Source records

-.-.-

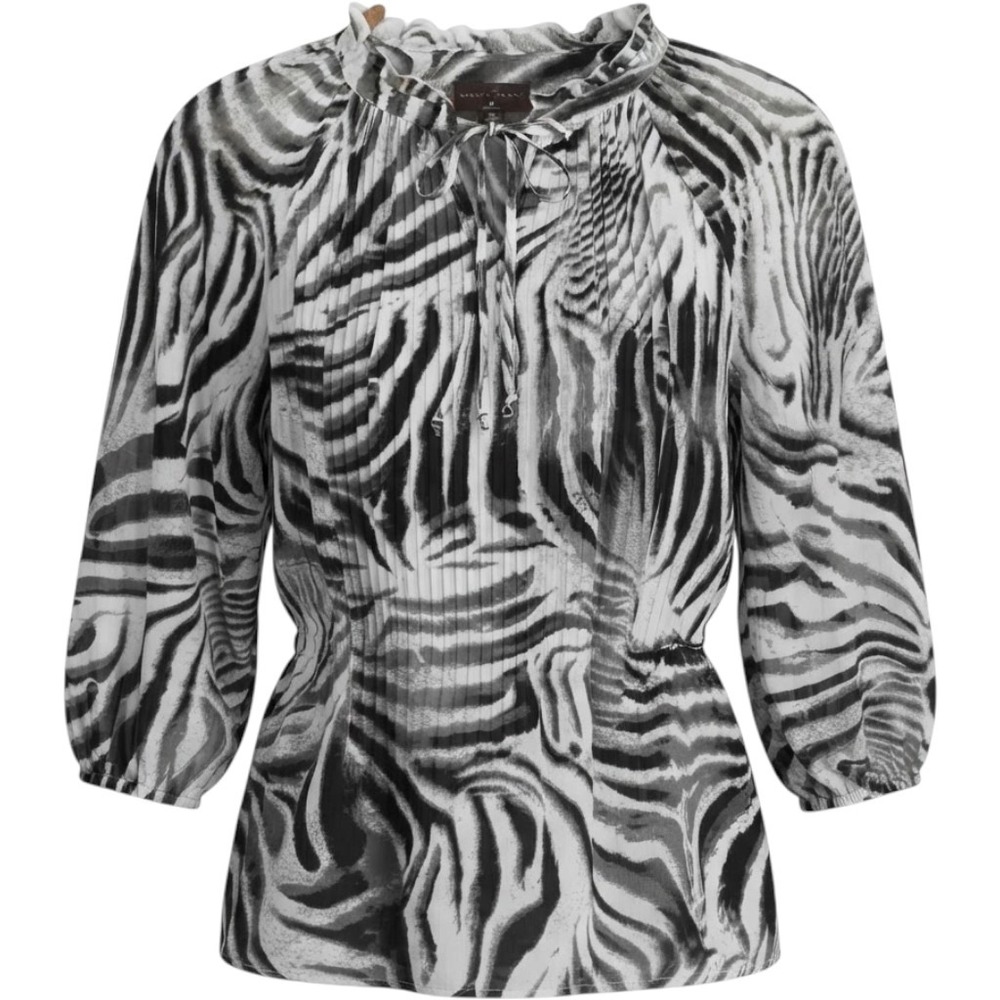 Investments Womens S Zebra Print Pleated Tie Neck Blouse Black White Mob Wife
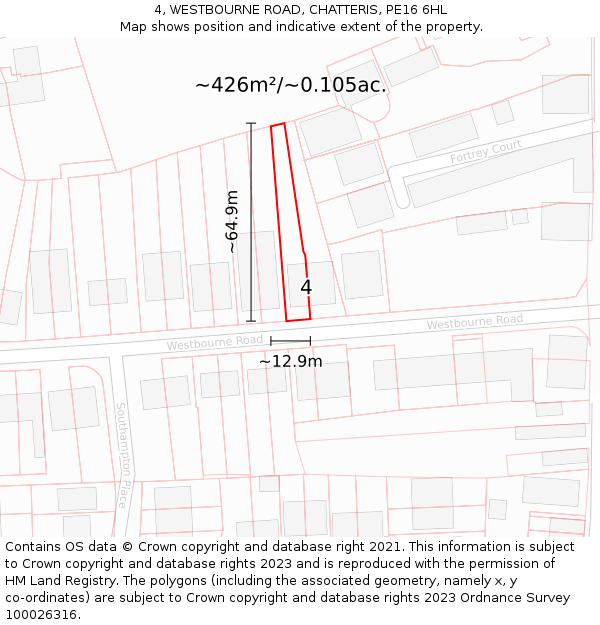 4, WESTBOURNE ROAD, CHATTERIS, PE16 6HL: Plot and title map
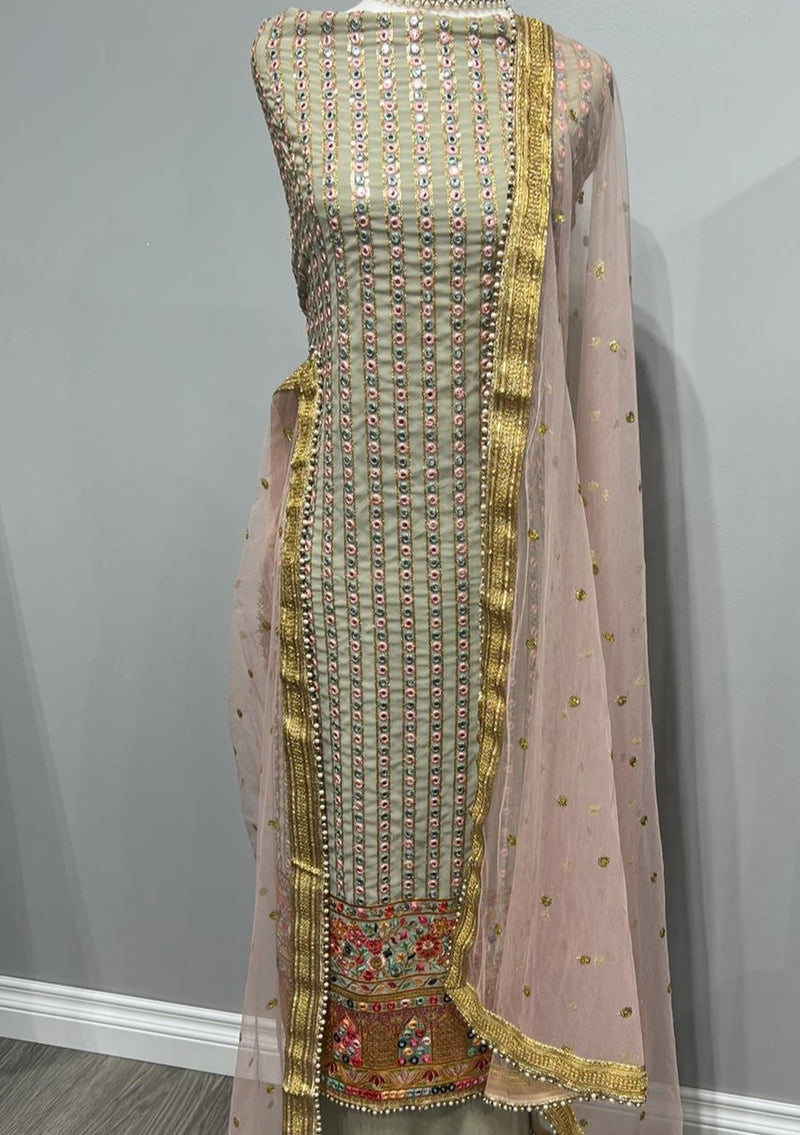 Cream Georgette Foil Front Embroidered Suit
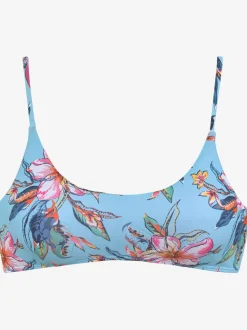 Haut de bikini bustier floral à bretelles réglables et bonnets amovibles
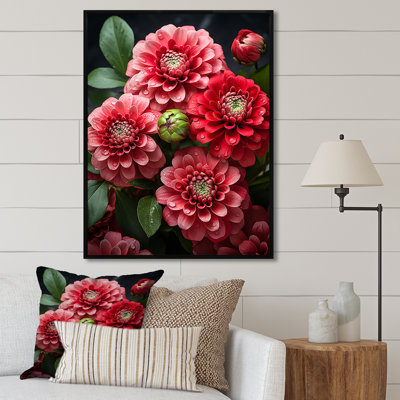 Red Beautiful Zinnias Blooms II - Flower Wall Art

-.-.-

### Aim of the task
The line with "4, WESTBOURNE ROAD, CHATTERIS, PE16" and each line after it, through the final line of the data, are to be duplicated exactly, with pictures left out and nothing more included.

### Response box
 4, WESTBOURNE ROAD, CHATTERIS, PE16 6HL: Plot and title map
 Cream Georgette Foil Front Embroidered Suit
 Haut de bikini bustier floral à bretelles réglables et bonnets amovibles
 Red Beautiful Zinnias Blooms II - Flower Wall Art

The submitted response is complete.